A Good Pizza is Hard to Find

There are plenty of decent pizza restaurants in Concord, but for the largest city in the county, you'd think a better pizza place would thrive.

With lots of families looking for inexpensive meals in a city of 121,000, you'd think Concord would have more pizza restaurants than the typical chains or independent spots that offer run-of-the-mill pizza.

Pizza is one of the rare meals that everyone likes and can agree on a few toppings -- or at least a cheese pizza — and is affordable enough to make it a weekly night out for a family. I've lived in Concord for more than a dozen years, and while I enjoy the Round Tables, Straw Hats, Mountain Mikes, Skipolini's and other good pizza restaurants around, I have yet to find one place that makes me want to go there again and again.

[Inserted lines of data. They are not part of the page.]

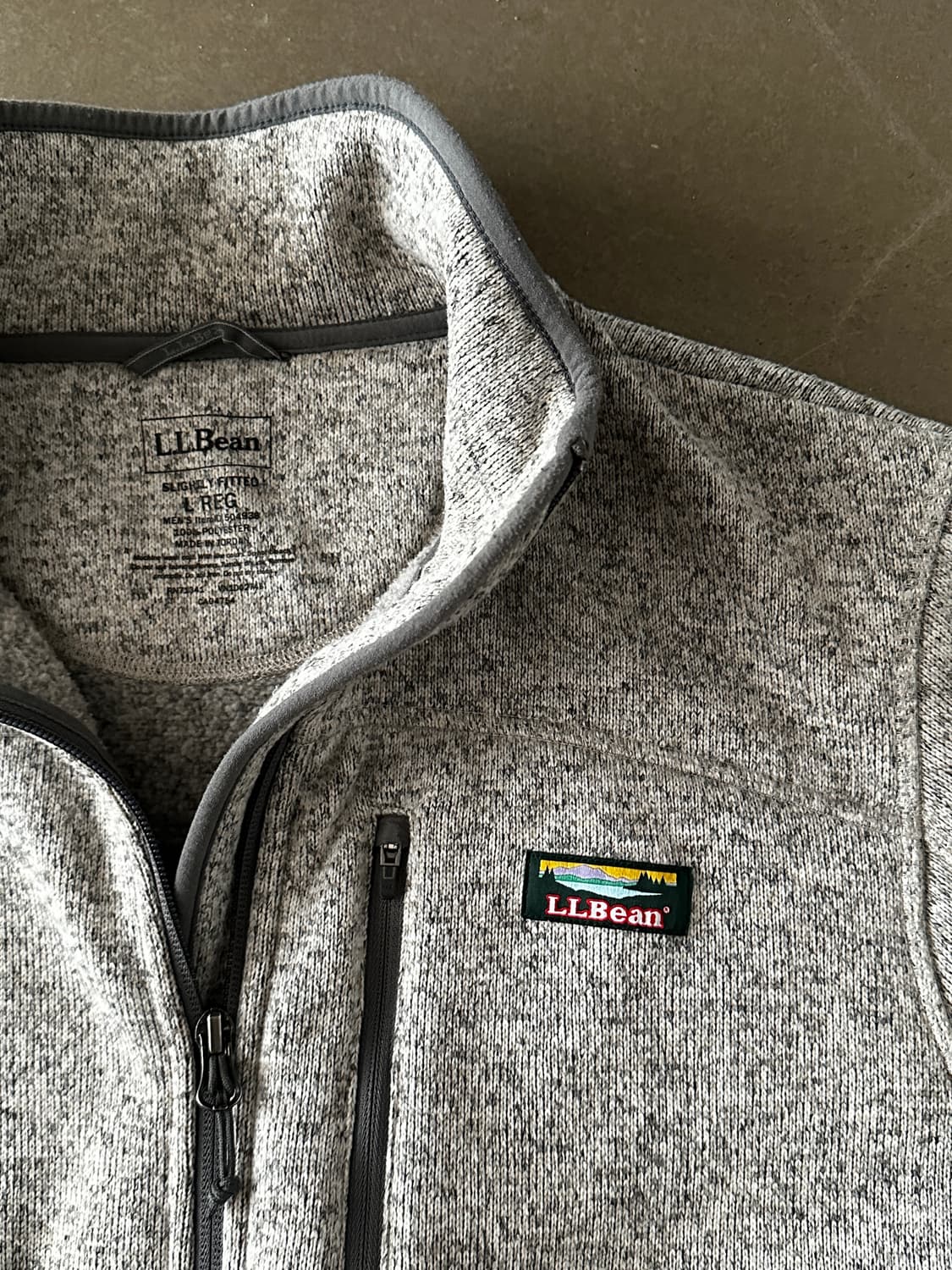 LLbean 엘엘빈 플리스 풀 집업 상품이미지3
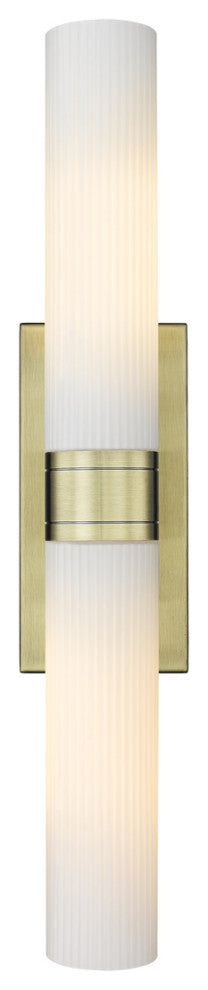 Boreas 2 24" Bath Vanity-Light Antique Brass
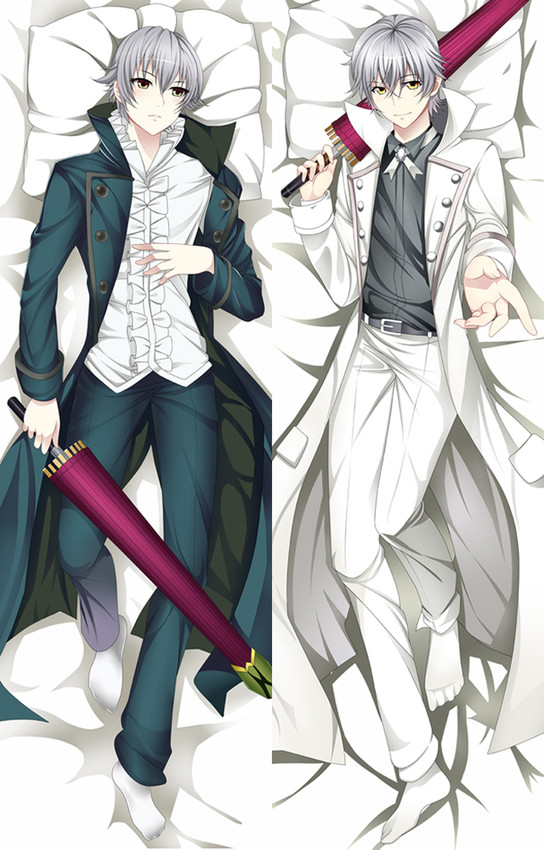 Yashiro Isana (K Project) Dakimakura Body Pillow Cover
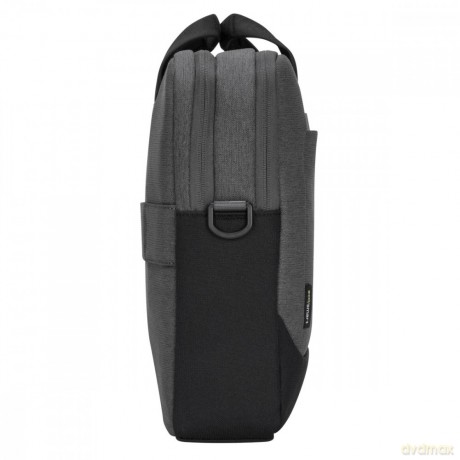 Torba na laptopa Cypress 15.6cala Briefcase with EcoSmart szara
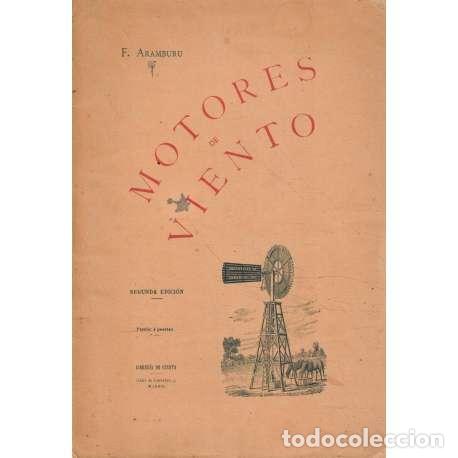 Libros: Motores de viento - Aramburu, Fernando - Foto 1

Everyone has their favorite pizza place, most likely in a college town. For me, although I didn't go to college there, it's in St. Paul, Minn. Pizza Luce has six locations in Minnesota, but I've only eaten at the one in St. Paul. I've eaten deep dish pizza in Chicago that still makes my mouth water, but for unique taste, Pizza Luce is it. The toppings are uncommon and yummy: shrimp al pesto, smoked gouda cheese, marinated chicken breast with red onions, banana peppers and smoked apple hickory bacon.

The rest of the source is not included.